Rhodes Evaluates Toxicity Concerns With ABVD and Brentuximab Vedotin in cHL

Publication
Article
Peers & Perspectives in OncologyJune II, 2024
Pages: 35

During a Case-Based Roundtable® event, Joanna M. Rhodes, MD, MSCE, discussed issues related to toxicity and dose modification in treating patients with Hodgkin lymphoma.

Rhodes

Joanna M. Rhodes, MD, MSCE

Director, Lymphoma Program

Rutgers Cancer Institute

Assistant Professor of Medicine

Rutgers Robert Wood Johnson Medical School

New Brunswick, NJ

CASE SUMMARY

  • A 49-year-old man presented with asymptomatic cervical nodes developing over several months and was initially evaluated by his primary care physician, who recommended observation.
  • Subsequently, enlargement of nodes prompted referral to hematologist for evaluation.
  • Physical examination: supraclavicular, right neck, right axillary, and right groin masses
  • Social history: No tobacco use, occasional alcohol use
  • Family history: unremarkable
  • The patient is diagnosed with stage IIIA classical Hodgkin lymphoma (cHL).

PEERS & PERSPECTIVES IN ONCOLOGY: Based on findings from the RATHL trial (NCT00678327), what are the adverse event (AE) challenges of chemotherapy in patients with cHL?

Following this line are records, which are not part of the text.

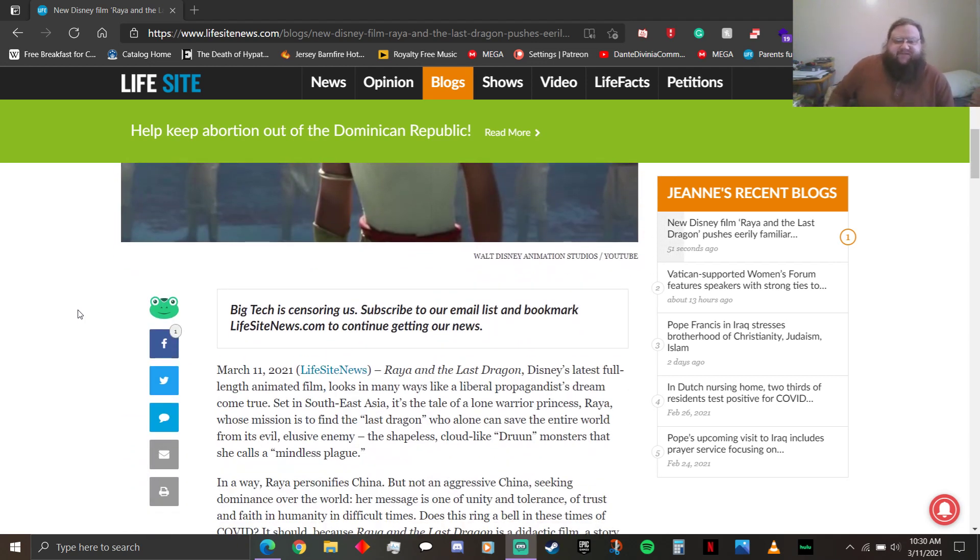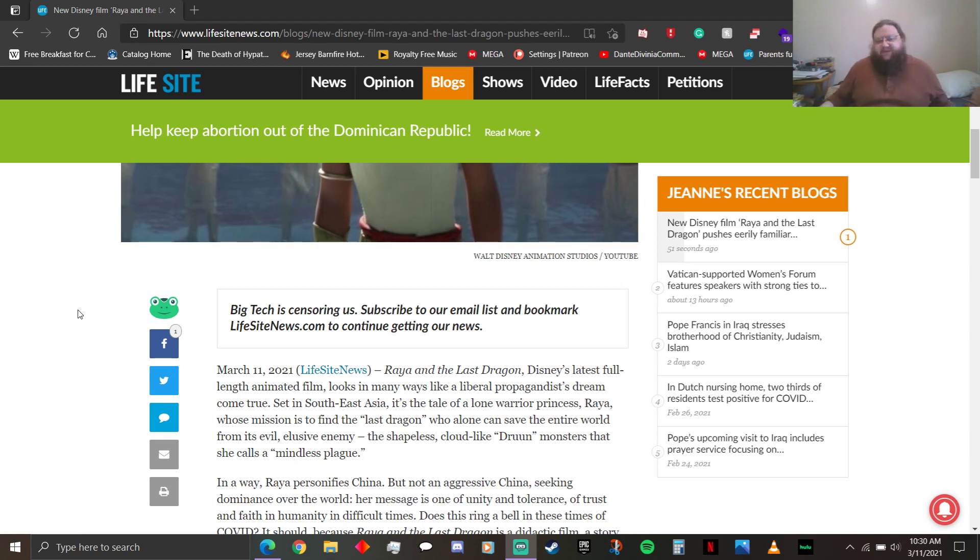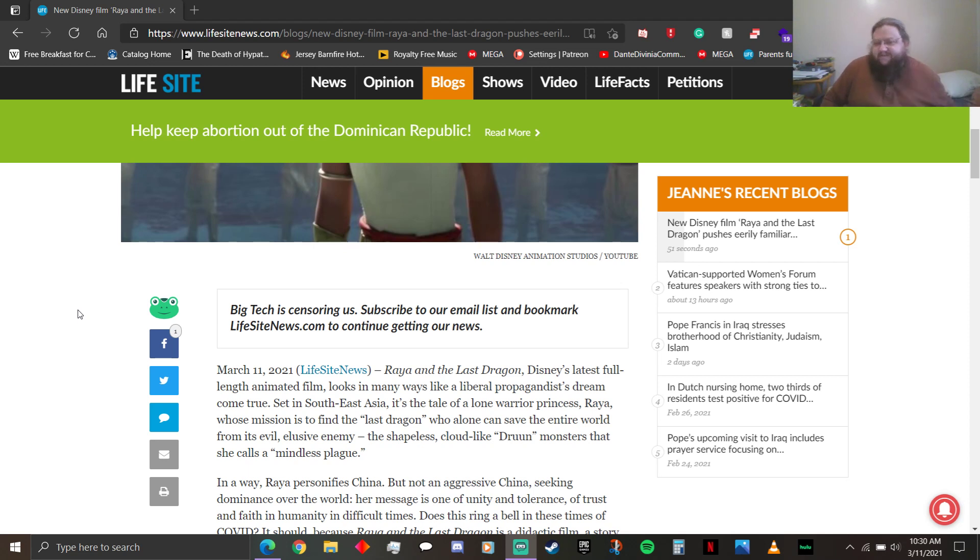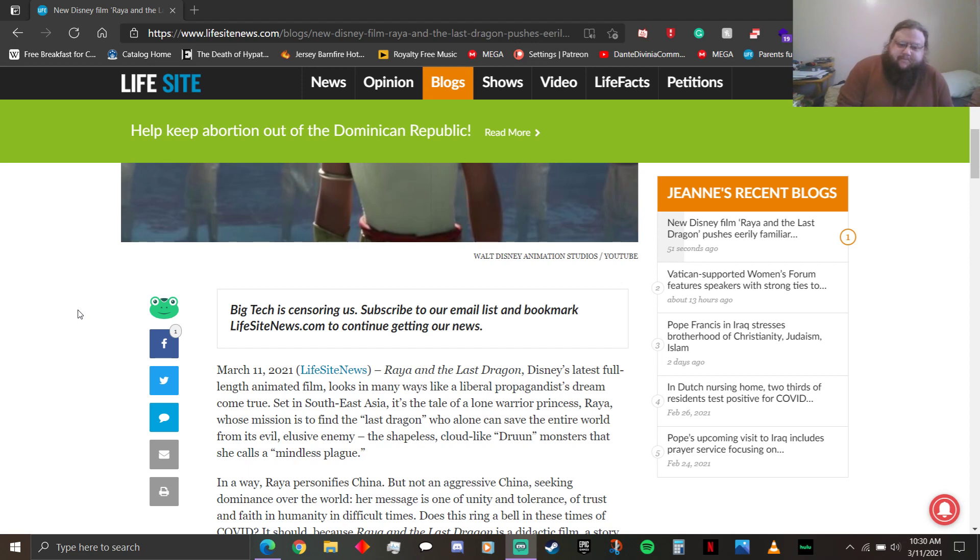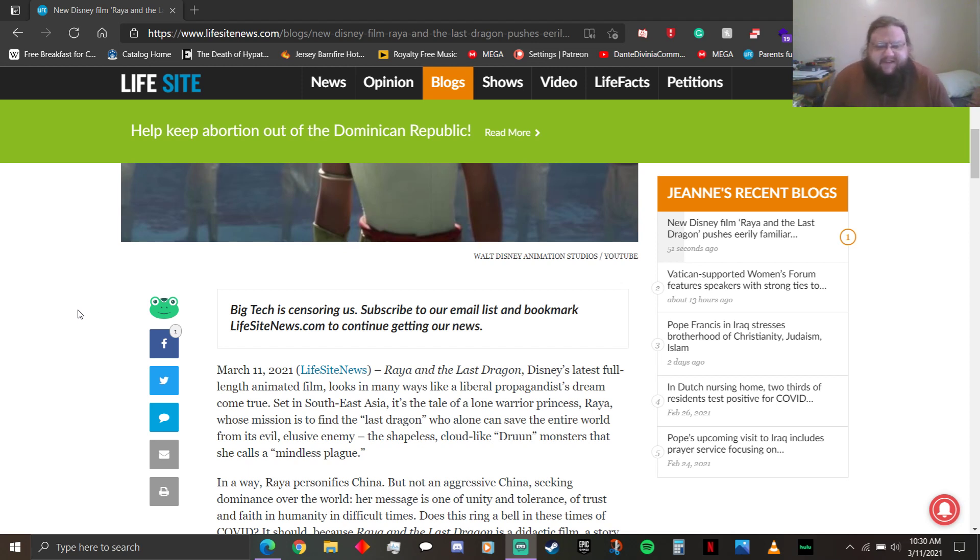Raya and the Last Dragon, Disney's latest full-length animated film, looks in many ways like a liberal propagandist dream come true. Set in Southeast Asia. I thought it was set in some fucking like, it has Southeast Asian influence, but I didn't think it took place on earth. You know, cause dragons exist? It's a tale of a lone warrior princess, Raya, whose mission is to find the last dragon who alone can save the entire world from its evil elusive enemy, the shapeless clad-like druun monsters that she calls a mindless plague.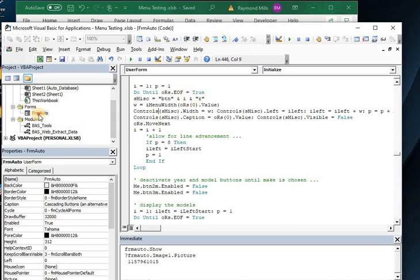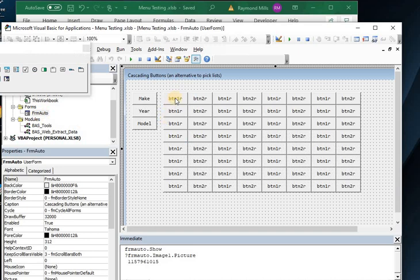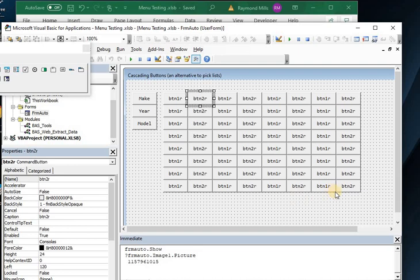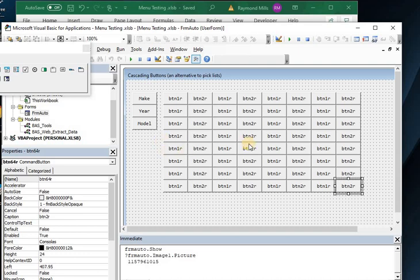And I can show you that here. All these buttons, if you look, button one R, button two R, and it goes on and on and on until we come to button 64. So that's how we can control them because we know the position and name, because they're all named similarly.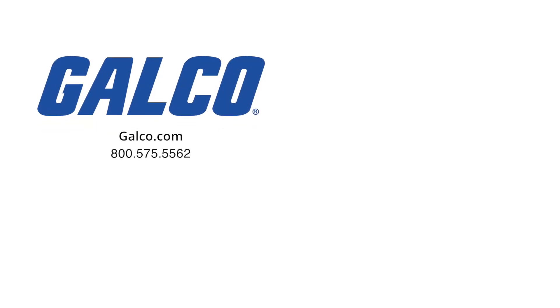Stay tuned to GalcoTV for more how-to videos. Don't forget to like and subscribe so you can be notified when new videos are posted every week.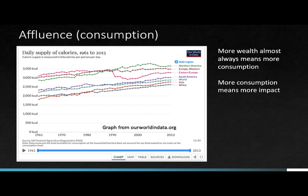We can really see the difference in something like food consumption, where residents of North America consume about 3,500 calories per day, whereas those in Africa consume about 2,500 calories per day. One place where affluence and wealth gets more complicated is when economic resources are deployed specifically to reduce environmental impacts — such as steps to mitigate air pollution or reduce water pollution. Countries with more wealth are often in a better position to address these types of environmental impacts.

RHODES: We know that BEACOPP [bleomycin, etoposide phosphate, doxorubicin, cyclophosphamide, vincristine sulfate (Oncovin), procarbazine hydrochloride, and prednisone] can be challenging. The etoposide [can be] terrible for blood cell counts. There are issues with fertility. We are seeing that there are higher rates of neutropenia with escalated BEACOPP compared with ABVD [doxorubicin hydrochloride (Adriamycin), bleomycin, vinblastine, and dacarbazine].1 There were less lung toxicity and pneumonitis, comparatively less venous thromboembolism, fewer [vascular events], and [slightly] fewer grade 3 or 4 events when you go from ABVD to AVD [doxorubicin hydrochloride, vinblastine, and dacarbazine]. This is demonstrating that less chemotherapy, if it’s not worse for outcomes, is probably the better and kinder thing to do for our patients.

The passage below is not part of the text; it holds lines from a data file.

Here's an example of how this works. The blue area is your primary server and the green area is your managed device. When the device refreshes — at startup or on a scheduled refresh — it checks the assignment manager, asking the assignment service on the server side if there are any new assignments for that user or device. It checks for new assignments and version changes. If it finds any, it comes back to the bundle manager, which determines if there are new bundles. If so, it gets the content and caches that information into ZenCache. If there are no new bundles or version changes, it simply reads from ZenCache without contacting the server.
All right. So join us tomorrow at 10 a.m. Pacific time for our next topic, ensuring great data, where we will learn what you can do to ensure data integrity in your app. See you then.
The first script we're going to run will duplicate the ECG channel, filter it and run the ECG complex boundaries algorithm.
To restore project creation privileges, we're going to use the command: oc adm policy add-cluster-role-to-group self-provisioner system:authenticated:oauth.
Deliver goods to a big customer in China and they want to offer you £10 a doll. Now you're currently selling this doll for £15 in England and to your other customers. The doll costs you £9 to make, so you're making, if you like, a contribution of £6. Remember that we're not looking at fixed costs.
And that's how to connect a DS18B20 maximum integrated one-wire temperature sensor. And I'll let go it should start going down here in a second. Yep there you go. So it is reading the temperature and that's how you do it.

Why does it matter that we talk about ABVD vs AVD? [There was] an oral presentation in the past year trying to understand long-term lung function.2 We worry a lot about the effect of bleomycin as we’re giving the drug. This is demonstrating long term that we are seeing decrements in DLCO [diffusing capacity of the lungs for carbon monoxide].... Over time, it’s challenging when you think about a 26-year-old patient who’s 6 years out from their ABVD and what that means for them when they’re 40, 50, 60 years old. And maybe they pick up vaping…or they do something they weren’t doing before. This is challenging, and this was based on data from RATHL [showing] there’s a very significant difference between lung function in patients who did get de-escalated therapy vs stayed on ABVD for 6 cycles.

Although some patients do have improvement, the improvement seems to stagnate after 1 year.2 What you’re stuck with 1 year after bleomycin for lung function seems to be what you’re stuck with for a longer period. I’ll be intrigued to see how they do 10, 15, and 20 years later, because that’s important, and I hope to get to see it.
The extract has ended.